Monday, 7 October 2013

Saturday Photo: Self-Censorship

This is the photo that I'm using on the hardcopy invitation to my book launches for my new collection of short stories, Desire Lines: Stories of Love and Geography next month.  

It's appropriate, in a way, because this sinuous path crossing the Champ des possibles open space near where I live started me thinking about the resonances of "desire lines."  They are, urbanists say, the paths people choose to make when they want to get some place.  They frequently have nothing to do with formal layout of streets and sidewalks and almost always they say a lot about  people's aims.

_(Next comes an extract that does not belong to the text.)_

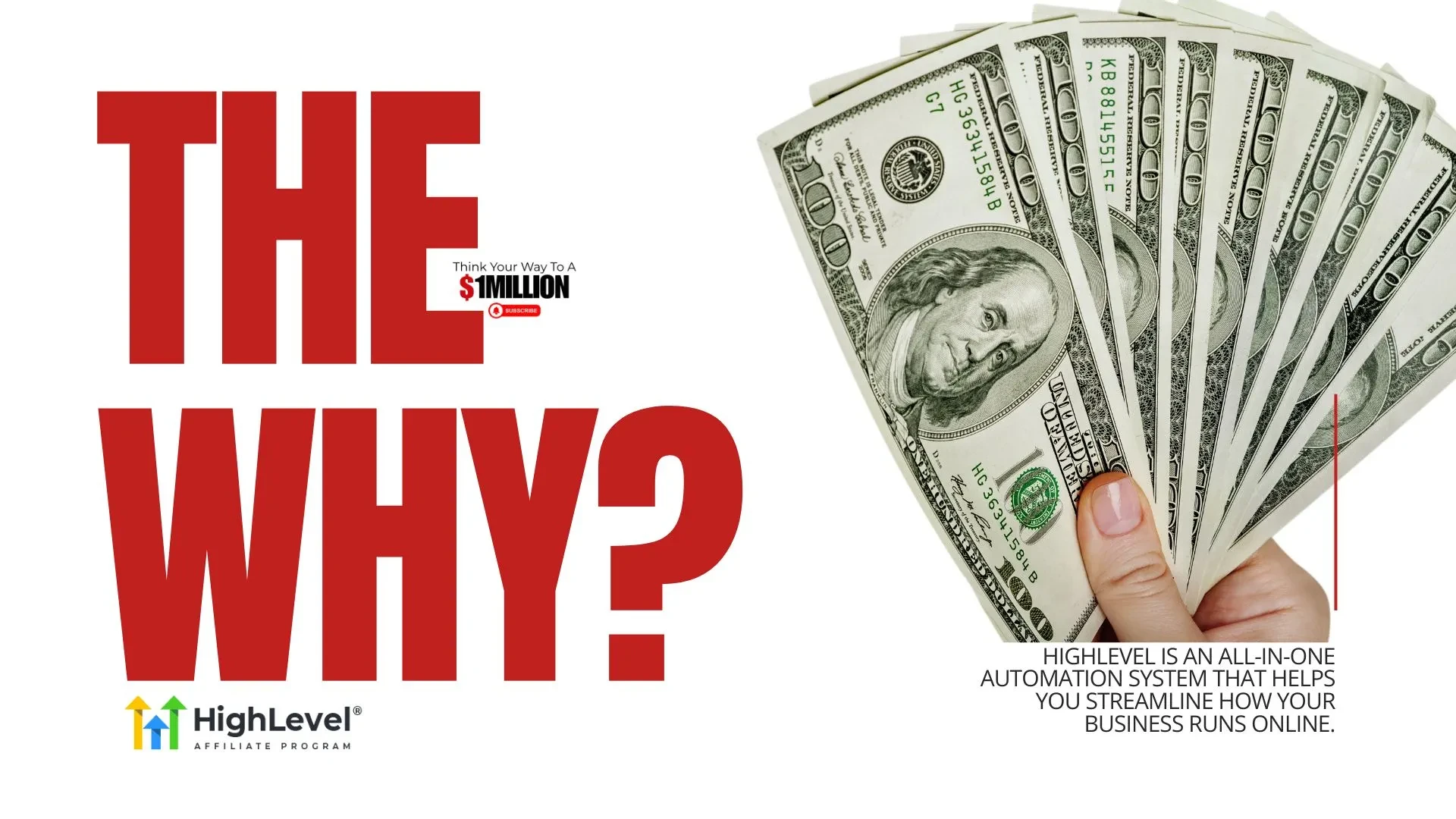 Lesson 2: 💡 Why This Matters (The WHY) lesson poster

But I can't say I'm too pleased with myself for using the photo to promote the two parties we're planning to launch the book.  The cover, which I love, is a little racey and it's been mentioned to me that it's not the sort of thing that librarians and others might like to find in the hands of kids.

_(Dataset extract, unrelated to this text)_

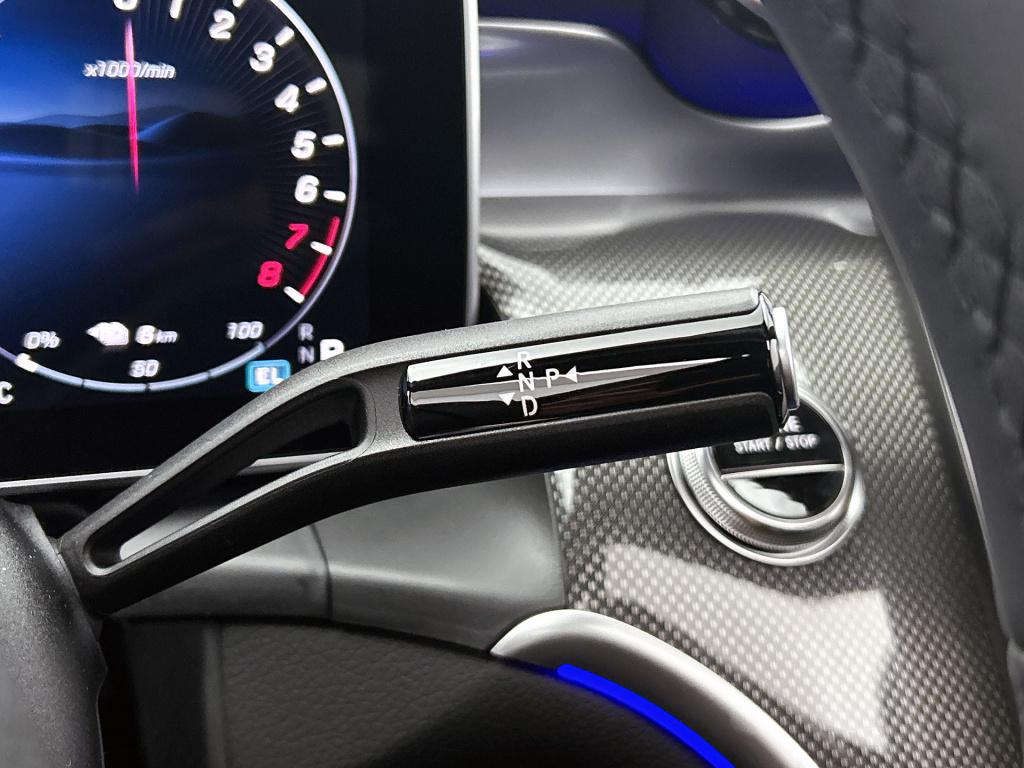 Mercedes-Benz Glc coupé 300 e 4matic sport edition | premium plus | winterp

Since the image is a detail from a painting by Edwin Holgate, a member  of Canada's legendary Group of Seven parinters, it shouldn't get much flack.  But just the same I've buckled.  The e-mail invitation will use the book cover, though.

Whatever, you're all invited to attend one or both of the launches:
Wednesday November 6 at 7 p.m.

Librairie Drawn and Quarterly
211, Bernard ouest
Mile End, Montreal
(80, 435 and 160 buses)

And/or

Tuesday November 12 at 7 p.m.

Librairie Clio
245-N. Boulevard St Jean
Pointe Claire, PQ,
Plaza Point Claire





1 comment:

Rayjohnstex said...

I like both pictures for the cover art of your new collection of stories . Desire lines lie like navigational buoys to reveal the paths we make now and again in our intertwining lives. Can the Edwin Holgate picture be set on the inside fly-leaf too? I remember such an example of a desire line that I and my mates chose to make as schoolchildren cutting through the small tract of woodland between our newly-built single-family housing development and the back sports fields next to the elementary and high school in our Claymont town.